Given an array of A of N integers which represent stick lengths, we have to report the maximal area over all the rectangles that we can form with the given sticks without breaking any.
EXPLANATION:
The problem is a simple one based on a very basic property of all rectangles: the opposite sides of a rectangle are parallel, and hence, equal in length. The area of a rectangle is given by base B multiplied by height H. Now, to maximise the area, we simply need to maximise the length of sticks we choose as our B and H. This is pretty intuitive but we can also invoke the exchange argument method (page 3 of link) to give a more formal argument as proof of why this works (left to reader as a simple learning exercise).
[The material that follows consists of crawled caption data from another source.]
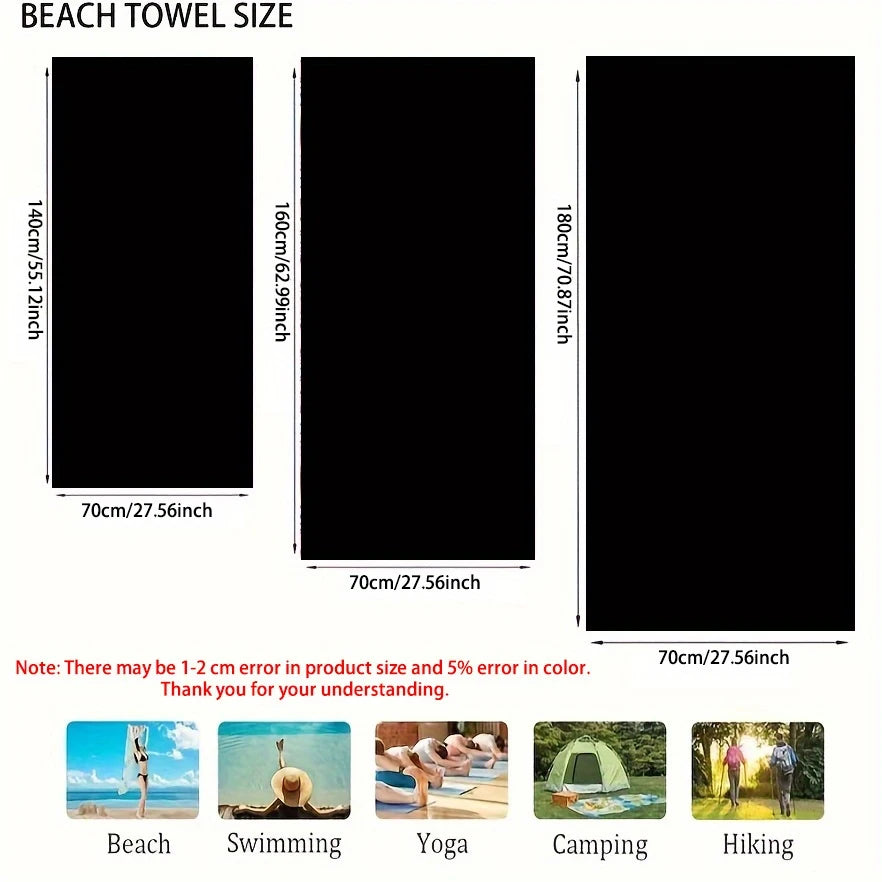 Beach Towel White Marine Life Pattern Sun Protection Windproof Suitable For Beach Pool Camping Travel Beach Blanket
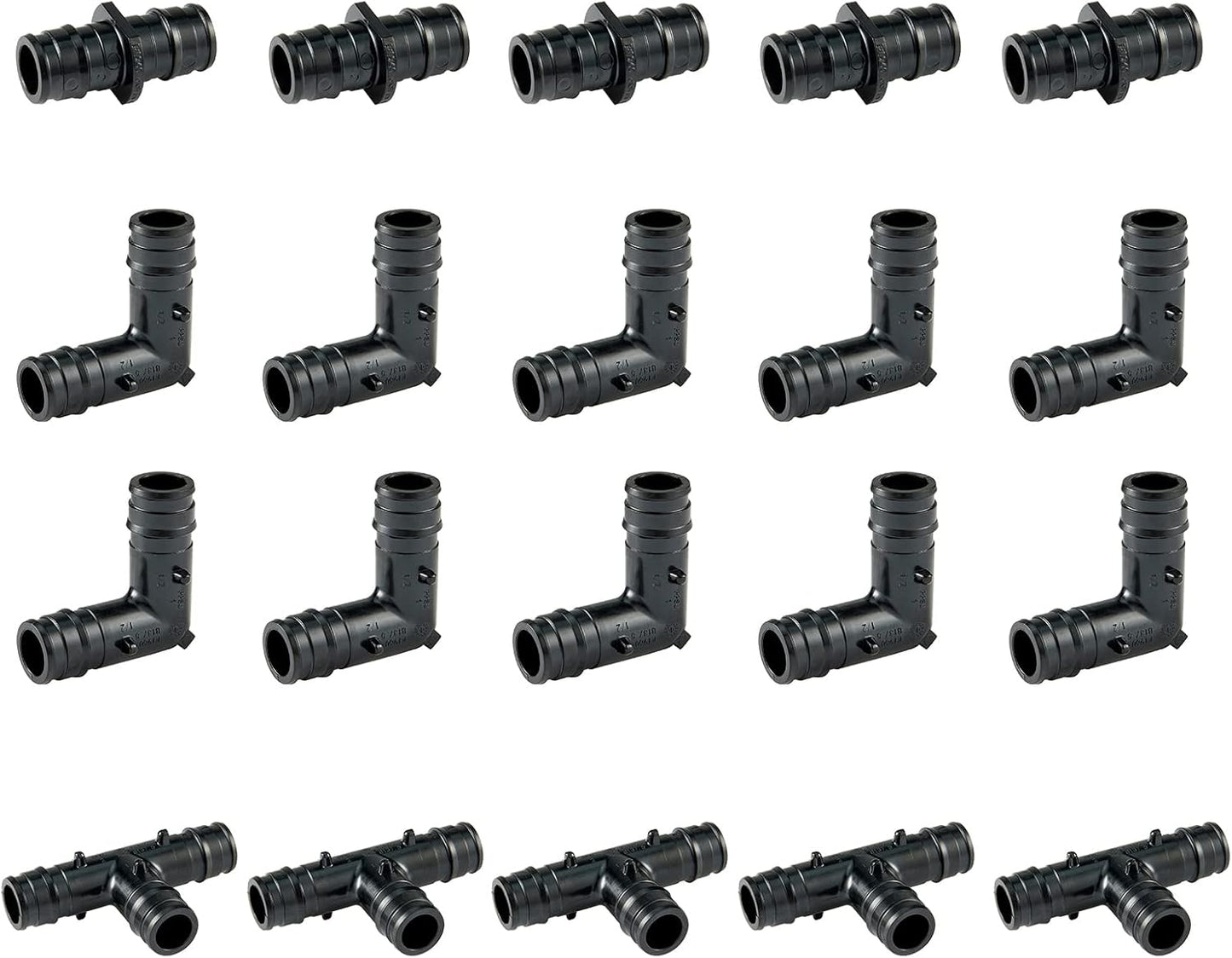 3/4Inch Poly PEX A Expansion Fitting 20 Pack for Plumbing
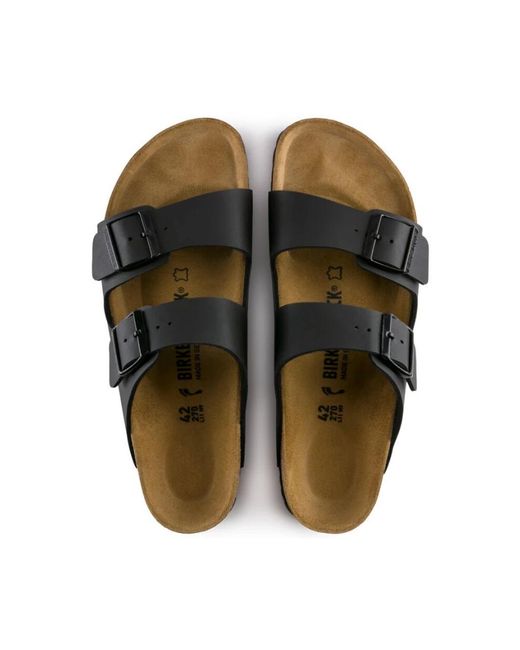 Birkenstock Brown Schwarze Sandalen Für Einen Stilvollen Look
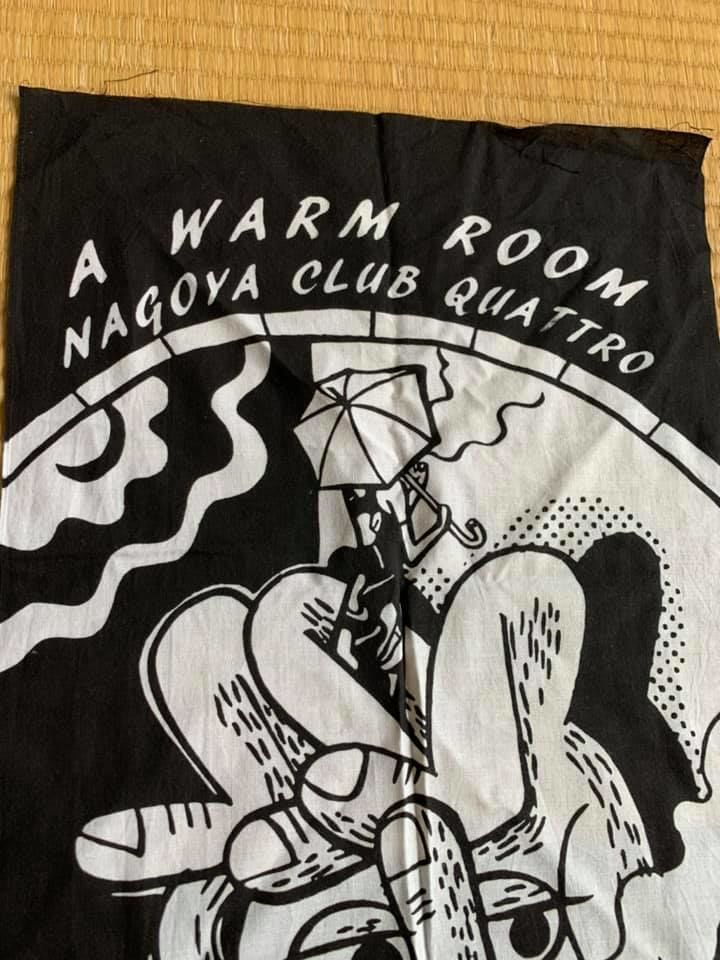 ネオンインク・Foilフルアート　山賊の頭の間　英語版　アーティストプルーフ BLACK GANION x BRAINOIL Tour Final 手拭い 鷲尾友公氏イラス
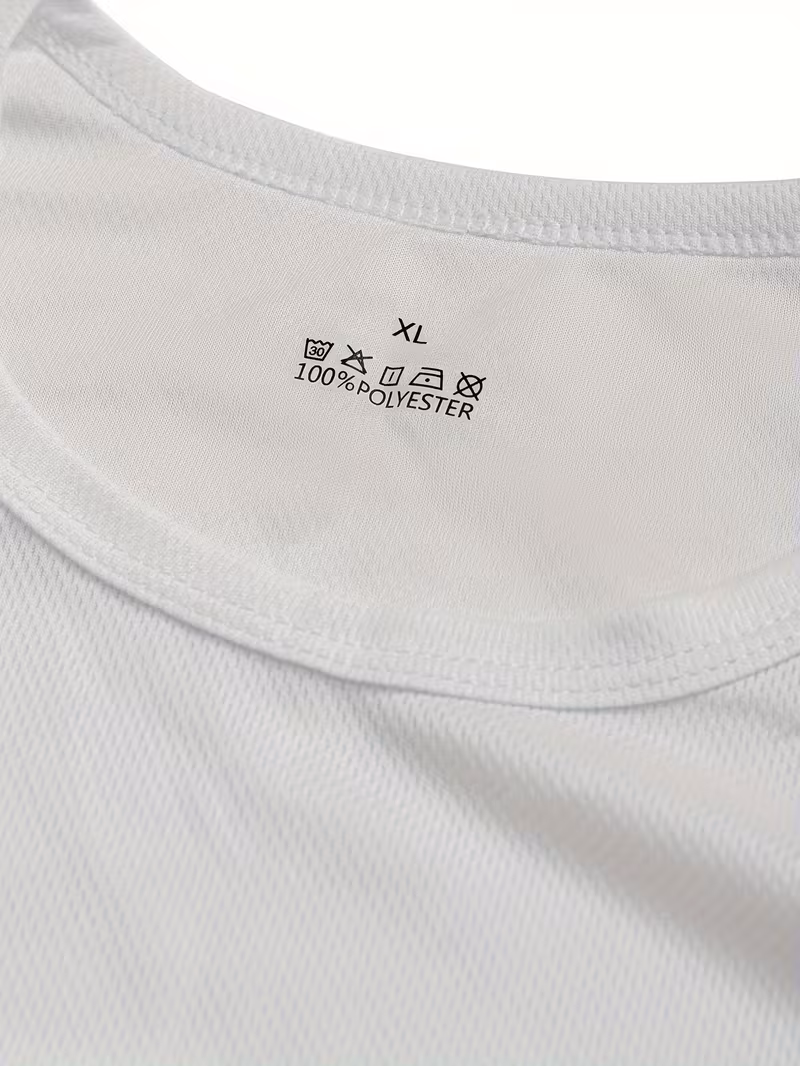fathers day gift 10pcs mens quick dry breathable 100 polyester workout t shirts solid color crew neck short sleeve tees for running gym outdoor activities machine washable summer activewear gym outfits for men Product details 9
Now we come to the implementation detail of the above mentioned algorithm. Note that N and A_{max} both range between 1 and 10^3. So, one way is that we simply keep an array Count of length 10^3 wherein Count[i] is the number of sticks of length i that we have. Once we have populated this structure, we can simply scan from 10^3 down to 1. If while scanning, we can find one field which has more than 3 sticks, then that i can be our height and base both; at this point we terminate our scan. If we find a field that has more than 1 stick, we can make it either our height or base and continue our scan to find a value for the other one. If at the end of scan we don’t find at least two i for which the count is more than 1, then we output -1 since no rectangle can be formed.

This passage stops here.